Syria denied that the target was an arms shipment, saying the Israeli warplanes had bombed an unspecified “scientific research center” near Damascus, the capital, leaving two people dead and five injured. With Syria largely closed to international journalists, it was impossible to independently verify either account.

Syrian officials made a formal complaint to the United Nations about the attack, while Syria’s ambassador to Lebanon said a “surprise” response could be in the offing, although he offered no details.

Maoz said the strike might have been coordinated with the U.S. and Turkey. He and other Israeli security experts predicted that Assad would be unable to retaliate. With his military consumed by conflict with opposition rebels, the Syrian leader would be hard pressed to wage war with a foreign adversary.

“Bashar is dealing with other things right now,” said Tel Aviv University’s Syria expert, Eyal Zisser.

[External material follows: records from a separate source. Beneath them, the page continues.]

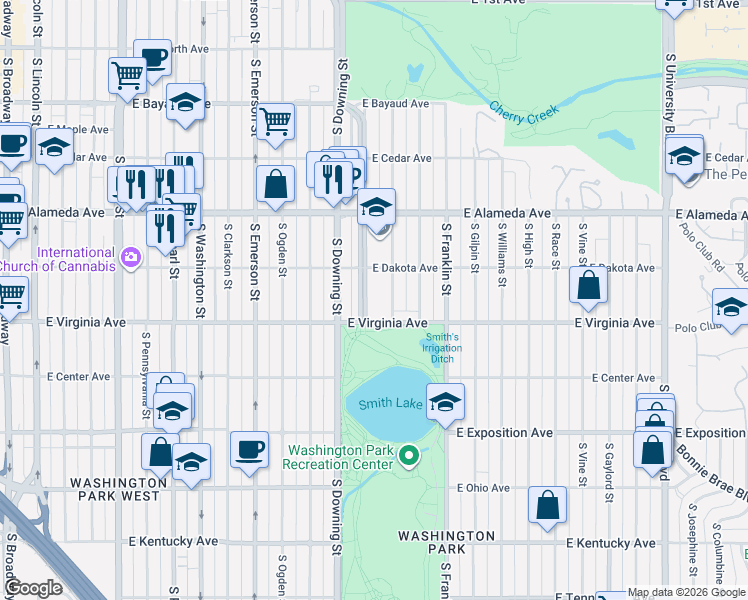 map of restaurants, bars, coffee shops, grocery stores, and more near 480 South Marion Parkway in Denver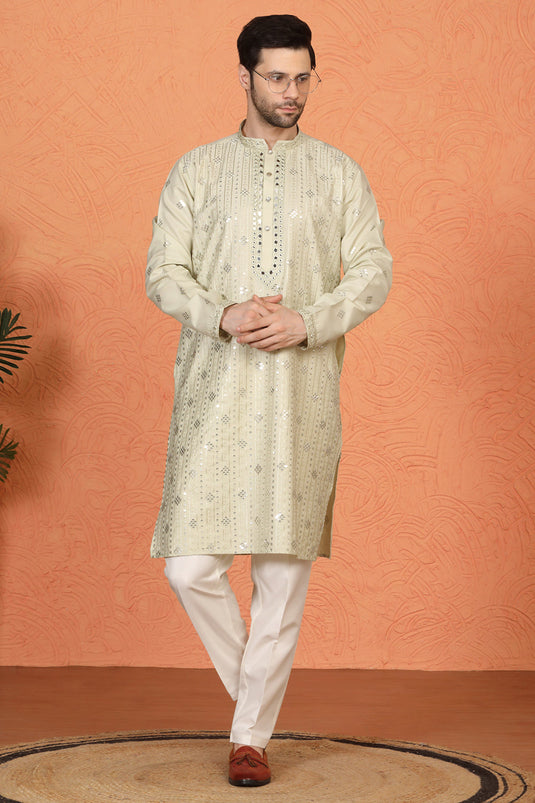 Krish Mirror Embroidered Kurta with Back Elastic Pants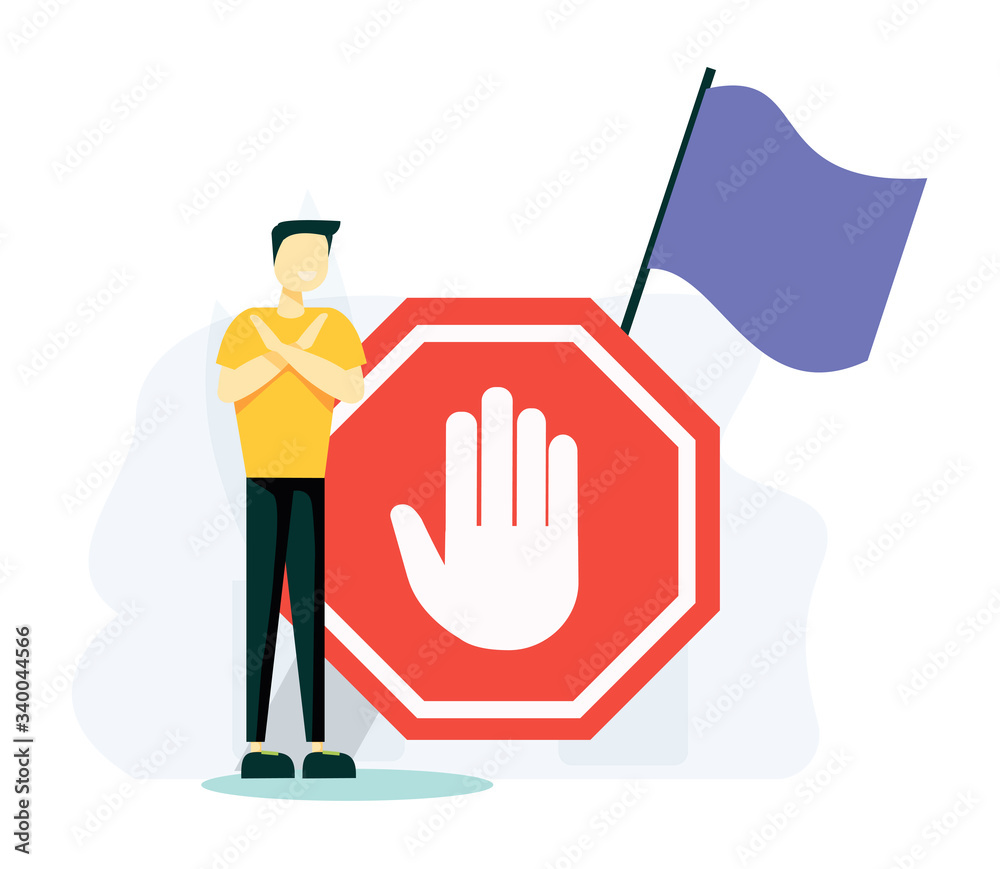 Stop sign vector illustration. Flat tiny prohibition no gesture person concept. Symbolic warning, danger or safety caution information. Forbidden entry or restricted area ban or blocked road alert.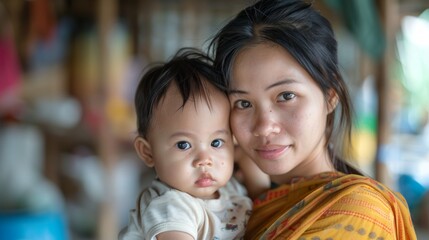 Asian Mother and Child: A Close-Up Portrait Generative AI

In Washington, Deputy National Security Advisor Ben Rhodes said the United States had been “in very close contact with Israel” about the situation in Syria. Without confirming the Israeli strike, he said that the U.S. has made it “very clear that Syria should not further destabilize the region by transferring, for instance, weaponry to Hezbollah.”

Iran’s foreign minister, Ali Akbar Salehi, called the attack a “blatant violation … in line with the policy of the West and the Zionists,” reported Iran’s English-language Press TV.

Hezbollah said the attack unveiled a “conspiracy against Damascus and our Arab and Muslim people,” according to the website of Hezbollah’s Al Manar TV.

Hezbollah and Israel fought a monthlong war in 2006. Since then, Hezbollah is widely believed to have bolstered its arsenal, receiving armaments, as well as training, from Iran. Syria has served as a conduit for Iranian arms destined for Hezbollah, say Western and Israeli authorities.